What is required:
What is wanted is the line holding "NO#1 WorldWide Rohani" and every later line through the end of the entries, set down exactly.

Provided data Block Start

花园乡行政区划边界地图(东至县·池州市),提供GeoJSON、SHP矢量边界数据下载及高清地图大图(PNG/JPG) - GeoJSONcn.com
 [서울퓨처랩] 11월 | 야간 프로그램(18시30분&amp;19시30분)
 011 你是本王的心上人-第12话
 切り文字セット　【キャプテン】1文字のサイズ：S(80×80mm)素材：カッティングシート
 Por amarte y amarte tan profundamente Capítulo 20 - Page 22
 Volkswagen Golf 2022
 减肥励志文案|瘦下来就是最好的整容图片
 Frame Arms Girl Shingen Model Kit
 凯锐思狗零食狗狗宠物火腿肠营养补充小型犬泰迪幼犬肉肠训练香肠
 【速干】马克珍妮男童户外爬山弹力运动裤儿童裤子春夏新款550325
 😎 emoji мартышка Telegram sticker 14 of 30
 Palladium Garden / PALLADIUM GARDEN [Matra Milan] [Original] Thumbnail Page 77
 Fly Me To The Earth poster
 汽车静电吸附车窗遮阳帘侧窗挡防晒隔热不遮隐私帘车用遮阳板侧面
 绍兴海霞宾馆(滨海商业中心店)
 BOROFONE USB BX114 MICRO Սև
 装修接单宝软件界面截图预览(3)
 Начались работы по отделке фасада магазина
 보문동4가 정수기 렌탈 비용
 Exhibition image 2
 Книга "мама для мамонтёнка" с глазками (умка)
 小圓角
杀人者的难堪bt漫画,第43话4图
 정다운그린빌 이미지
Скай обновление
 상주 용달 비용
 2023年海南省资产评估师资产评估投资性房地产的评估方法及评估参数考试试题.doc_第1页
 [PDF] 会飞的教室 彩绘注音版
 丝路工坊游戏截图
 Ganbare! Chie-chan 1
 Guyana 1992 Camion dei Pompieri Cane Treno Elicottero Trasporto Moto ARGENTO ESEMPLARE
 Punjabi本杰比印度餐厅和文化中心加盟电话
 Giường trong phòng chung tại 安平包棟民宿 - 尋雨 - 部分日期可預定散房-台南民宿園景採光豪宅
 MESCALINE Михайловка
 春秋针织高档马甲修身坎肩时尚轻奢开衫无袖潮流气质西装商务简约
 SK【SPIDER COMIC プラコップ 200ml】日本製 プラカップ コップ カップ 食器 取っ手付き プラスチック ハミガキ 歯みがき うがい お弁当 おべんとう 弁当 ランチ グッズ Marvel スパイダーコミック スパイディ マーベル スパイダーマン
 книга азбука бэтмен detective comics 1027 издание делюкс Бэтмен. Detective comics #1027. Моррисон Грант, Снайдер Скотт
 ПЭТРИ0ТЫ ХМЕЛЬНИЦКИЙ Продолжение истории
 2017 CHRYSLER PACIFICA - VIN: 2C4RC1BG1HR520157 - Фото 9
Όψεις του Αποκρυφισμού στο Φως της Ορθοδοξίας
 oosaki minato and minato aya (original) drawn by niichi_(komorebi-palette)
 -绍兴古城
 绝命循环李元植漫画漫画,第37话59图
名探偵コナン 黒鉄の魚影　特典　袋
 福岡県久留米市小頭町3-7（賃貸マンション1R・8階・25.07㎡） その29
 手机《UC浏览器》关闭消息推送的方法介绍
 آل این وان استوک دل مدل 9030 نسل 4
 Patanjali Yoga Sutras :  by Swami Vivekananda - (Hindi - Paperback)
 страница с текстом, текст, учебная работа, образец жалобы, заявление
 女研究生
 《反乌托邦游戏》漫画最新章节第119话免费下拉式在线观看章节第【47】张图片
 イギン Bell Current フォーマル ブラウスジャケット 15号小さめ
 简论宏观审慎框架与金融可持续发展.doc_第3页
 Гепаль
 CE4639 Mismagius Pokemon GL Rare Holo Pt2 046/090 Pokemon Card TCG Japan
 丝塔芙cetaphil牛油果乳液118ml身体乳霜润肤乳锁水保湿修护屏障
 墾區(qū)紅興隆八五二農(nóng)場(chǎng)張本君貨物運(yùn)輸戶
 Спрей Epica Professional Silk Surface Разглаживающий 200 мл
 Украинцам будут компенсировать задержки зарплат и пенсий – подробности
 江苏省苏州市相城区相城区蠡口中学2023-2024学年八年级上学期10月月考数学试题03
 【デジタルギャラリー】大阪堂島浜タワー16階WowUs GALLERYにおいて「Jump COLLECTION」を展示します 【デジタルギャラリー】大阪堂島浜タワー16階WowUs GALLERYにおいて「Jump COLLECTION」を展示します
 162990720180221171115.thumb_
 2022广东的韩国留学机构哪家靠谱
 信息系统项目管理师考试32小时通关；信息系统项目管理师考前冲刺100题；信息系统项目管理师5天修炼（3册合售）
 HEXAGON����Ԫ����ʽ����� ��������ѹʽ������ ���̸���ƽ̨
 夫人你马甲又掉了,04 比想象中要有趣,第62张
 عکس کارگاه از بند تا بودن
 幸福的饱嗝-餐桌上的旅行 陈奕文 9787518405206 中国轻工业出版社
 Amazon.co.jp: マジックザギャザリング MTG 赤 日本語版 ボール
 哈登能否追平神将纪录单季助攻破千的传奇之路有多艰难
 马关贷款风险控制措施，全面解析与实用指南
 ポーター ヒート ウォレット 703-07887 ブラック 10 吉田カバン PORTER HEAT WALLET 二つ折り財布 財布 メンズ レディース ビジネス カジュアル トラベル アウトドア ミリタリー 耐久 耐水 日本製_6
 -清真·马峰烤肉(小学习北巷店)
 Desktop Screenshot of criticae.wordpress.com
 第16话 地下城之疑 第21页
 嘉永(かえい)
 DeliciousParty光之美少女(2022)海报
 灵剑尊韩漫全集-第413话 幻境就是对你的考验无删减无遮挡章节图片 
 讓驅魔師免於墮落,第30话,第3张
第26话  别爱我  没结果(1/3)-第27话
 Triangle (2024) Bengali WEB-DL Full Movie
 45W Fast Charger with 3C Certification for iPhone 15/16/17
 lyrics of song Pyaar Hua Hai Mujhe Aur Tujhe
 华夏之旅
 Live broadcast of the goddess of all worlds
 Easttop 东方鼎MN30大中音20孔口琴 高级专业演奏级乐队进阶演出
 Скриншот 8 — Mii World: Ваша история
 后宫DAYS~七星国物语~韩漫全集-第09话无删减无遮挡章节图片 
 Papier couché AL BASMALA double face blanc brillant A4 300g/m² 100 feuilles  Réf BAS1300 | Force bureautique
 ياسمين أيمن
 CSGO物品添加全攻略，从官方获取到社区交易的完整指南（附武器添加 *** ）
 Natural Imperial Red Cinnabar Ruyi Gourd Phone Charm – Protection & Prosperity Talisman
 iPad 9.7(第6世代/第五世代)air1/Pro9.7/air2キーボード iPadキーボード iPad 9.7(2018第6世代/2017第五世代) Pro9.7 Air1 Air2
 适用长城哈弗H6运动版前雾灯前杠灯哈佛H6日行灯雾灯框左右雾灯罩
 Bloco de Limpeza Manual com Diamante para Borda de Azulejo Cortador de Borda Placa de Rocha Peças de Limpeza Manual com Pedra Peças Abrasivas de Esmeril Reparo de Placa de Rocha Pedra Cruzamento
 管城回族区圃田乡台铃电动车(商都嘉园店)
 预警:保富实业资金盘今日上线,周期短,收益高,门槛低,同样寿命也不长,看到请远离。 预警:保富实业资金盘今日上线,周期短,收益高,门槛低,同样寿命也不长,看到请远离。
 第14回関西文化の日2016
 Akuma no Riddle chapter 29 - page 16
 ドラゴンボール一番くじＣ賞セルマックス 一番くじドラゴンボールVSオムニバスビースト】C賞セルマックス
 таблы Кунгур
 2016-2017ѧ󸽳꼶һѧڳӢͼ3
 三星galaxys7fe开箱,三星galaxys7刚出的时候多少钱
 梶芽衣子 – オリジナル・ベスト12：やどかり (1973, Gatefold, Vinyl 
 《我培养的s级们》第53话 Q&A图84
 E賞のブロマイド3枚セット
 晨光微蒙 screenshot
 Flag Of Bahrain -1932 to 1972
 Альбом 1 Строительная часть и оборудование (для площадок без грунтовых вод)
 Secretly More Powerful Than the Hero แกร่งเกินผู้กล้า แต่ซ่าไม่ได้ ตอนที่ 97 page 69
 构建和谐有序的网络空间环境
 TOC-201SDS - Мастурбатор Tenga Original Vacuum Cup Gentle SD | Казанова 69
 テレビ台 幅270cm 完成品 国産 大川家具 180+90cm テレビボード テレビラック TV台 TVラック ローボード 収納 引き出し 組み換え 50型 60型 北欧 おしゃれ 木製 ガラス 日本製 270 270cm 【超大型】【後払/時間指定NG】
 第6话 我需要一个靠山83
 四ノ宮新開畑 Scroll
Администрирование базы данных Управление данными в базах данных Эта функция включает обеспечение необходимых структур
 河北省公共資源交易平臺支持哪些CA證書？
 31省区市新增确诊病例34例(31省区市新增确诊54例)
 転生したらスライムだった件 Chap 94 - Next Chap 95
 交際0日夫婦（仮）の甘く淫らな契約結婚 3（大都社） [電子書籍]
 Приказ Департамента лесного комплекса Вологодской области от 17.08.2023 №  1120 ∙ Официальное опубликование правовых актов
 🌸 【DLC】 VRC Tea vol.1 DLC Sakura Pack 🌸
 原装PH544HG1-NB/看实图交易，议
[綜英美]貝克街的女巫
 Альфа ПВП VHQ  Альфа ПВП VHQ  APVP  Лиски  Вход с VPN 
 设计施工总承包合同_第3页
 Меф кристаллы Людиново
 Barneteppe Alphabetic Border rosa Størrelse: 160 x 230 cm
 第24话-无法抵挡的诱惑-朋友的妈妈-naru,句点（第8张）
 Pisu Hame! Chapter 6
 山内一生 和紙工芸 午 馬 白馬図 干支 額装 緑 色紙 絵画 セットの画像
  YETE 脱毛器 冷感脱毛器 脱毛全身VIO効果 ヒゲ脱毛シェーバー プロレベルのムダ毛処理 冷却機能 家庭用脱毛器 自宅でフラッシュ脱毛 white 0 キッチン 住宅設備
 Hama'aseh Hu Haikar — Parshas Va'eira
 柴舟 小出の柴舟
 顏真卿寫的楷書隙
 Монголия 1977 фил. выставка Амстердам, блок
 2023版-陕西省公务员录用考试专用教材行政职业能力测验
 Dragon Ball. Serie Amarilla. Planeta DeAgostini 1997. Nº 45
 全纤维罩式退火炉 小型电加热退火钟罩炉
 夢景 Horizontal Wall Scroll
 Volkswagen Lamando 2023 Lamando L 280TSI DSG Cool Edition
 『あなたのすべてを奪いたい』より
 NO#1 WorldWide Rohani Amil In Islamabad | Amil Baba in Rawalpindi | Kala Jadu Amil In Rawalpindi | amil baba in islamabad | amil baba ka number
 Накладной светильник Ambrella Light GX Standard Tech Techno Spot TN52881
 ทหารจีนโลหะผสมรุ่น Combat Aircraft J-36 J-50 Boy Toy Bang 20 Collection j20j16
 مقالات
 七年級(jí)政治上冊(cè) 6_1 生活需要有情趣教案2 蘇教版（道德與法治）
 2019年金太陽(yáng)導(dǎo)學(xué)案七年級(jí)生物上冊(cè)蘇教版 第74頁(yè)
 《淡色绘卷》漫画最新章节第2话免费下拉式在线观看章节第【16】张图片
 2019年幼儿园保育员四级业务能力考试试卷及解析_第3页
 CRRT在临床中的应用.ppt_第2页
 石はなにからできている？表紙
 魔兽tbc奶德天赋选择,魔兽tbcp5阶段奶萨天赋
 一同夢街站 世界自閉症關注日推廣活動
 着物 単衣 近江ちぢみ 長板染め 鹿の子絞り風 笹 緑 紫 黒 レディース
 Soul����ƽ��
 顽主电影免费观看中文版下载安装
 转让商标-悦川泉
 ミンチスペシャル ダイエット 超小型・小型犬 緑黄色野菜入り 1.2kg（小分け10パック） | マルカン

Provided data Block End

Response:
 NO#1 WorldWide Rohani Amil In Islamabad | Amil Baba in Rawalpindi | Kala Jadu Amil In Rawalpindi | amil baba in islamabad | amil baba ka number
 Накладной светильник Ambrella Light GX Standard Tech Techno Spot TN52881
 ทหารจีนโลหะผสมรุ่น Combat Aircraft J-36 J-50 Boy Toy Bang 20 Collection j20j16
 مقالات
 七年級(jí)政治上冊(cè) 6_1 生活需要有情趣教案2 蘇教版（道德與法治）
 2019年金太陽(yáng)導(dǎo)學(xué)案七年級(jí)生物上冊(cè)蘇教版 第74頁(yè)
 《淡色绘卷》漫画最新章节第2话免费下拉式在线观看章节第【16】张图片
 2019年幼儿园保育员四级业务能力考试试卷及解析_第3页
 CRRT在临床中的应用.ppt_第2页
 石はなにからできている？表紙
 魔兽tbc奶德天赋选择,魔兽tbcp5阶段奶萨天赋
 一同夢街站 世界自閉症關注日推廣活動
 着物 単衣 近江ちぢみ 長板染め 鹿の子絞り風 笹 緑 紫 黒 レディース
 Soul����ƽ��
 顽主电影免费观看中文版下载安装
 转让商标-悦川泉
 ミンチスペシャル ダイエット 超小型・小型犬 緑黄色野菜入り 1.2kg（小分け10パック） | マルカン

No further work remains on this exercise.